Record extracts
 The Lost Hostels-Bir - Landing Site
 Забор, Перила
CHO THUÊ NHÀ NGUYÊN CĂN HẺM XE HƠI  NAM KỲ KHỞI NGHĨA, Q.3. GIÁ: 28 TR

--

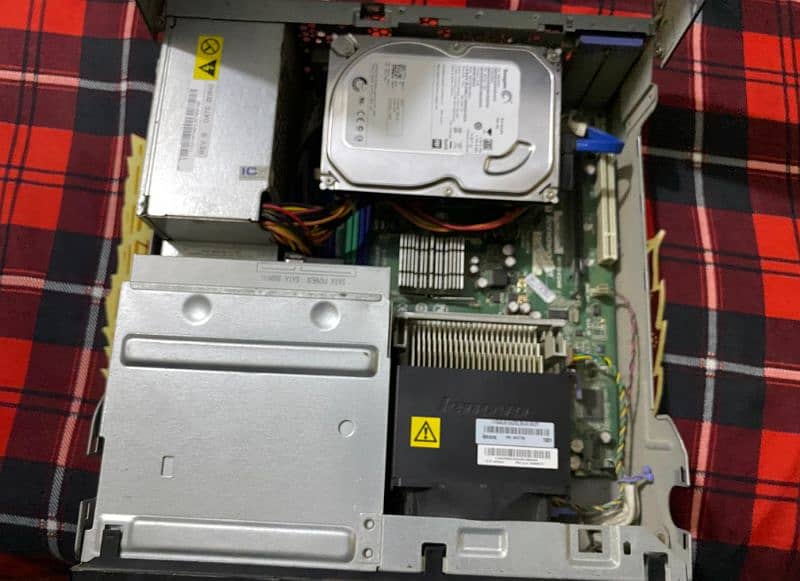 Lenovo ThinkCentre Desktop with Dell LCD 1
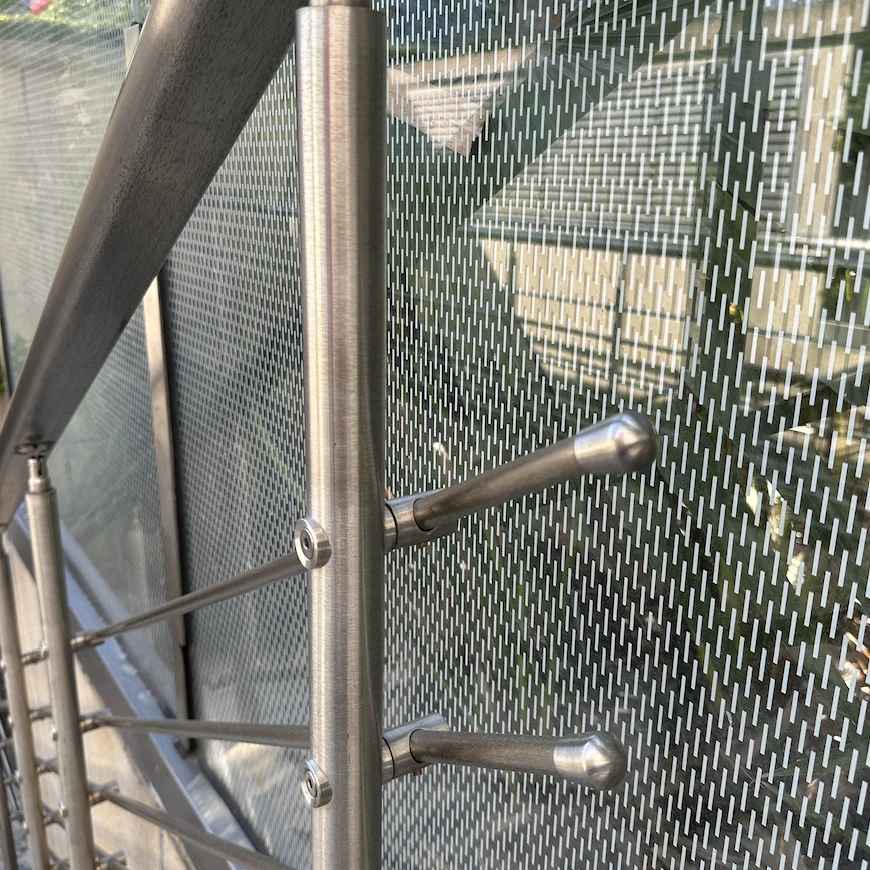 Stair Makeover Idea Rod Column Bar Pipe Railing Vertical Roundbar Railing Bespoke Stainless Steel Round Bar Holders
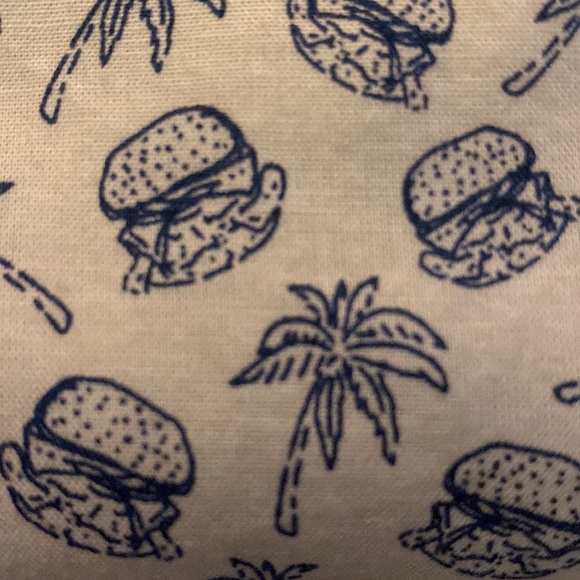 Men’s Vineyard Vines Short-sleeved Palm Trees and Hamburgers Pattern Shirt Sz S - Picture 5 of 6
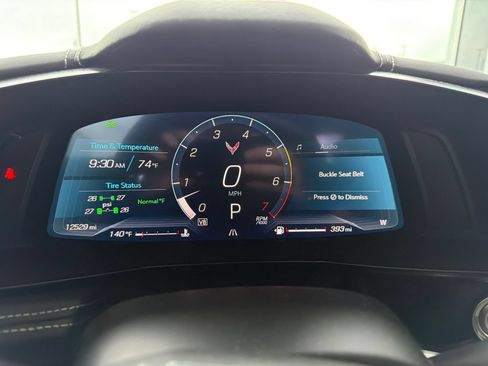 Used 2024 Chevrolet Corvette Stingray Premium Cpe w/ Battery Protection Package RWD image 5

What the exercise asks
What you need to produce is an exact copy of the entries above, limited to the lines from the one with "Stair Makeover Idea" up to and including the one with "Used 2024 Chevrolet", without pictures.

Task output
 Stair Makeover Idea Rod Column Bar Pipe Railing Vertical Roundbar Railing Bespoke Stainless Steel Round Bar Holders
 Men’s Vineyard Vines Short-sleeved Palm Trees and Hamburgers Pattern Shirt Sz S - Picture 5 of 6
 Used 2024 Chevrolet Corvette Stingray Premium Cpe w/ Battery Protection Package RWD image 5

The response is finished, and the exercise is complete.